“É dever de todos prevenir a ocorrência de ameaça ou violação dos direitos da criança e do adolescente”. A afirmação consta no artigo 70 do Estatuto da Criança e do Adolescente (ECA) e rege as leis brasileiras voltadas para os menores desde 1990. Durante a pandemia, o Acre presenciou a chegada e retenção de muitos migrantes que usam o estado como rota.
Mas, o que era passagem virou destino. As fronteiras do estado foram fechadas e muitos não conseguiram sair do país, outros chegam de forma irregular – por meio de coiotes – fugindo de guerras ou miséria em seus países.
Este fenômeno humano de migração gerou outras questões relacionadas à assistência social: o aumento dos pedintes nas ruas de Rio Branco e, muitas vezes, acompanhados com crianças, até mesmo com poucos dias de vida. Foi aí que o Ministério Público do Acre (MP-AC) decidiu iniciar um projeto para que esses grupos conheçam o ECA e não deixem as crianças em situação de vulnerabilidade.

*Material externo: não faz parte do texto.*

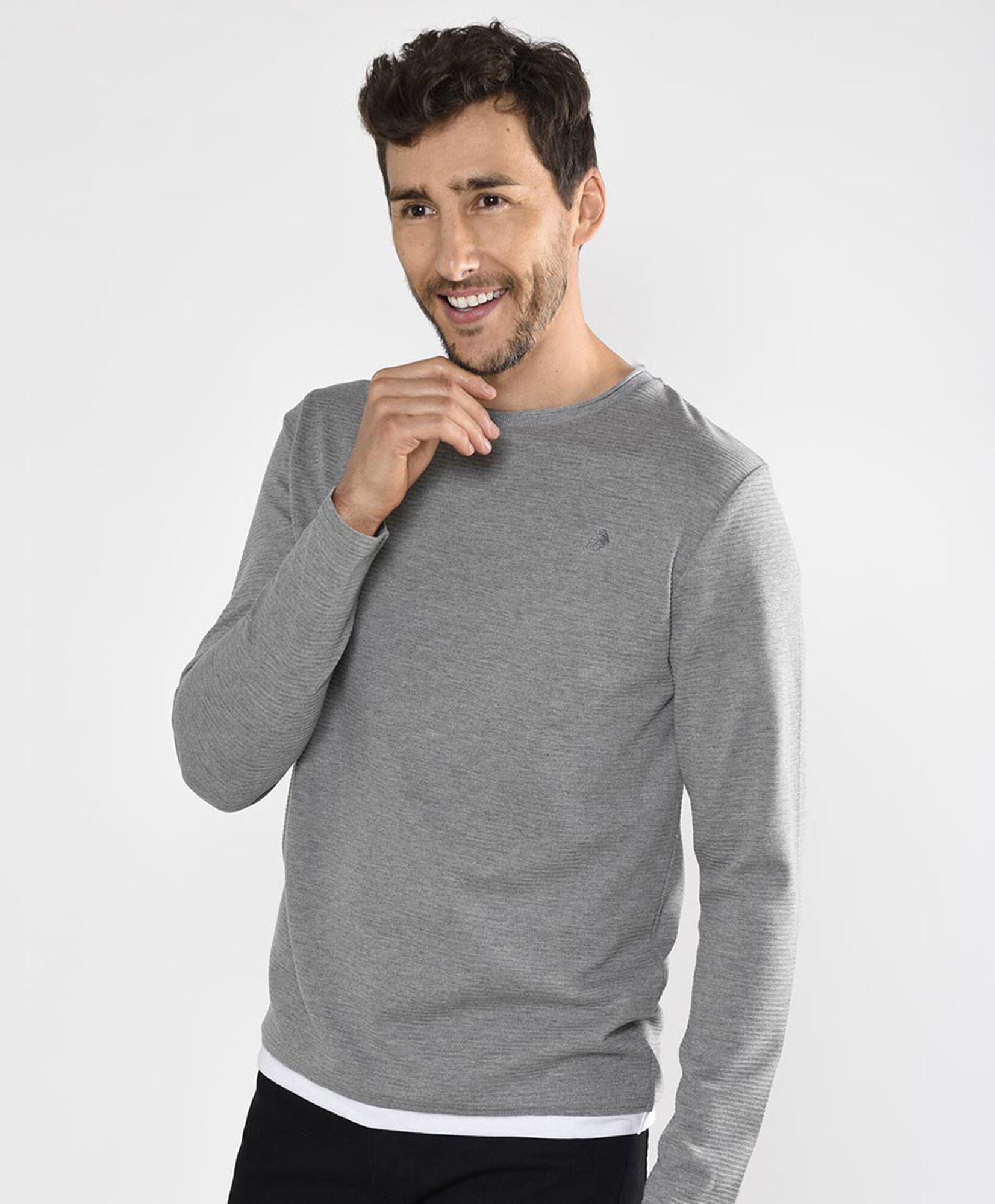 Polera manga larga cuello redondo Polera manga larga cuello redondo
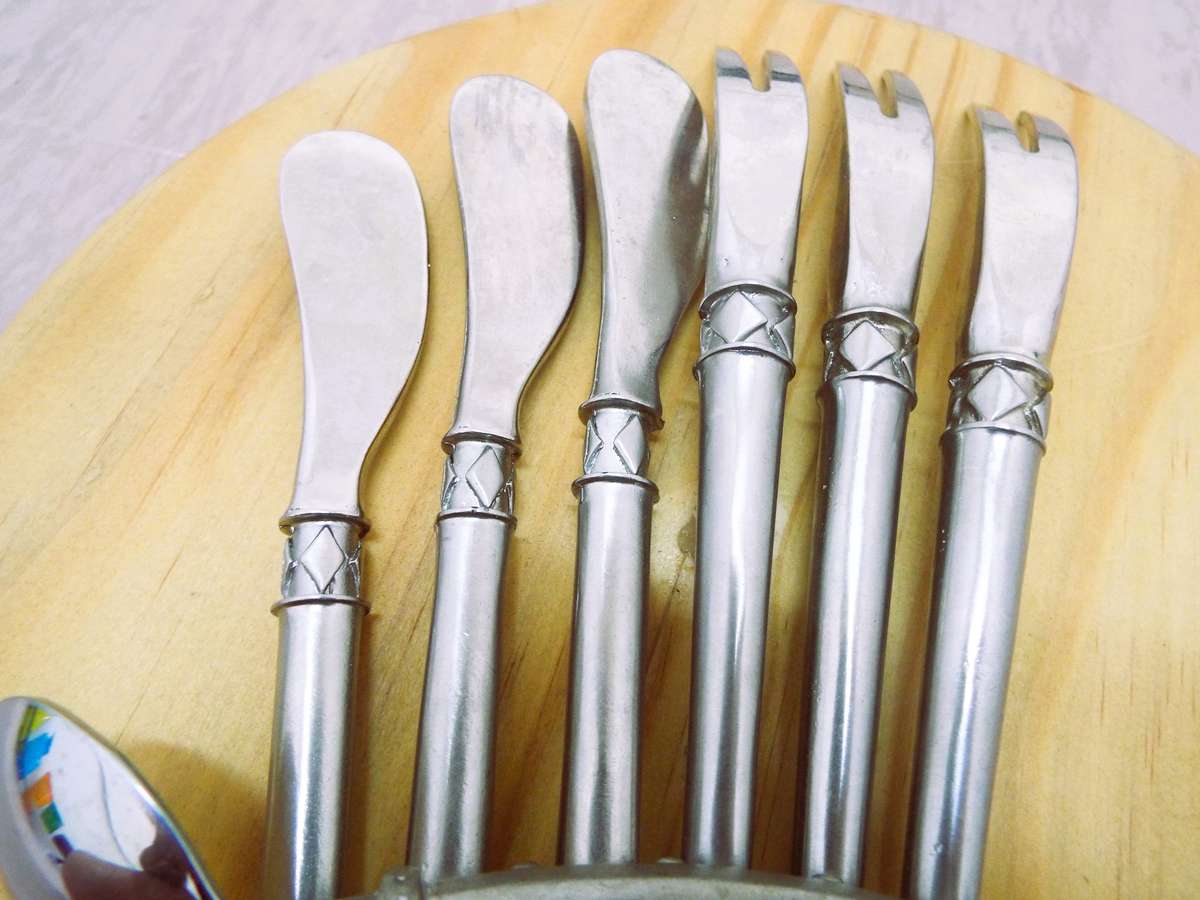 vintage ,,Nice CHEES BOARD WITH CUTLERY  as 1 lot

Esta não é a primeira vez que o MP se posiciona sobre as crianças estrangeiras nas ruas. Em junho deste ano, o MP instaurou um procedimento administrativo para investigar famílias que usam os filhos para pedir dinheiro e outros tipos de ajuda nas ruas e semáforos de Rio Branco.
“Aumentou o número de migrantes e, principalmente, de crianças e adolescentes entrando no Brasil. Chegamos a conclusão que tínhamos que enfrentar isso e criamos esse projeto ‘Migração: Infância Protegida’. Nós temos o dever, tanto da família, como da sociedade de ter esse cuidado, essa proteção com prioridade absoluta”, explica a coordenadora do Centro de Apoio Operacional de Defesa da Criança e dos Adolescente do MP, Vanessa Muniz.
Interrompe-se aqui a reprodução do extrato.